Sunday, March 6, 2011

Some Near duplicate detection

I've been reading a lot about Data Mining recently and today I came across Shingling, a method for near duplicate detection.

The algorithm is simple, it creates a set of consecutive substrings of fixed length on 2 two documents and calculates the Jaccard distance between these two sets. The Jaccard distance is a number between 1 and 0, inclusive, calculated as the size of the intersection of two sets divided by the size of their union. i.e |A ∩ B| / |A U B|. If this distance is 1 then the sets are equal.

Here's a simple implementation of the technique in python:

shingles = lambda s: set(s[i:i+3] for i in range(len(s)-2))
jaccard_distance = lambda seta, setb: len(seta & setb)/float(len(seta | setb))

a = raw_input("Original text: ")
b = raw_input("Other text: ")
sa = shingles(a)
sb = shingles(b)
print "These texts are %.2f%% similar" % (jaccard_distance(sa, sb)*100)
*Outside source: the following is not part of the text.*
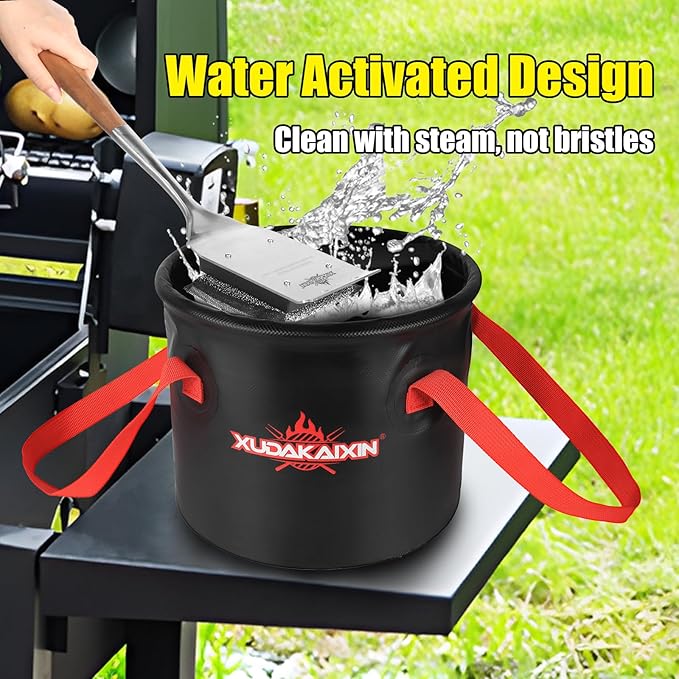 18” Steam Grill Brush Bristle Free,Safe Grill Cleaner for Outdoor Grill,Replaceable Head Grill Scraper Tool,BBQ Grill Cleaning Brush Kit,Grill Brush BBQ Accessories,Gifts for Men/Dad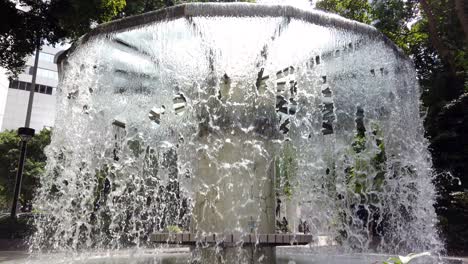 public round fountain display in downtown hong kong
Another article I came across is MinHash which is used for the same purpose.

Saturday, November 20, 2010

A Python script using Tornado web server with the Twitter Streaming API

So today I decided to play with Tornado the open source version of a scalable, non-blocking web server which powers FriendFeed. While doing so I discovered it will probably be cool to play with the Twitter streaming API as well and write a Python script that uses both.

Here's the result of my experiment:

from tornado.httpclient import HTTPClient, HTTPRequest
import simplejson

def handle_tweet_stream(response):
    try:
        # Print the parsed twitter stream.
        print simplejson.loads(response)
    except ValueError:
        return
    print

if __name__ == '__main__':
    req = HTTPRequest(
        "http://stream.twitter.com/1/statuses/filter.json", 
        body='track=google',
        method = "POST",
        auth_username = "username",
        auth_password = "xxxxxxx",
        streaming_callback=handle_tweet_stream)

    client = HTTPClient()
    client.fetch(req)

Thursday, October 21, 2010

Lessons learned from working in large scale

Before my internship with Google, I wasn't a big fan of unit tests, logging and cloud computing. Now I can say there's a degree of doubt in me when I see some new code without tests and that this code claims to do the right thing.

When you're running code in parallel on 1000's of machines in the cloud, machines whose physical location you don't know and machines you don't have shell access to, your idea of project development changes dramatically. Things like logging and unit testing become your friends.

A good blog on this topic is found on Matt Welsh's blog

Thursday, March 25, 2010

A one line Python Quine

OK, Here's a one line Python program that prints its own source code:

s='s=%r;print s%%s';print s%s

This wikipedia article on Quines is a very good place to learn how these things work

Saturday, February 27, 2010

One line quicksort in Python

Here's a one line quicksort in python. I came up with this idea after looking at a 2 lines implementation in Haskel

qsort = lambda seq: [] if not seq else qsort(filter(lambda n: n<=seq[0], seq[1:]))+[seq[0]]+qsort(filter(lambda n: n>seq[0], seq[1:]))

Monday, December 21, 2009

5 Handy python functions (lambdas)

Here's a list of 5 handy python lambda's you may need when solving a quick maths problem

1) The sum of all integers from 1 to n
triangle = lambda n: n*(n+1)/2

2) Factorial
factorial = lambda n: 1 if n<2 else n*factorial(n-1)
3) Get odd numbers
odds = lambda n: [k for k in range(1,n,2)]
4) Test whether a number is prime

is_prime = lambda n: False if n<2 else (0 not in [n%k for k in range(2,int(n**.5)+1)])
A number is prime when it has no factor other than 1 and itself. To determine whether the number is a prime, we need to check that it doesn't leave a reminder of 0 when divided by each number in the range of [2..square root of the number].

5) Primes sieve
This function returns the list of primes in the range [2..N]. It's the most cryptic of all but it makes use of the previous function to add a number to the generated list.
sieve = lambda n: [k for k in range(2,n+1) if (0 not in [k%i for i in range(2,int(k**.5)+1)])]
It could also be written as:

is_prime = lambda n: False if n<2 else (0 not in [n%k for k in range(2,int(n**.5)+1)])
sieve = lambda n: [k for k in range(2,n+1) if is_prime(k)]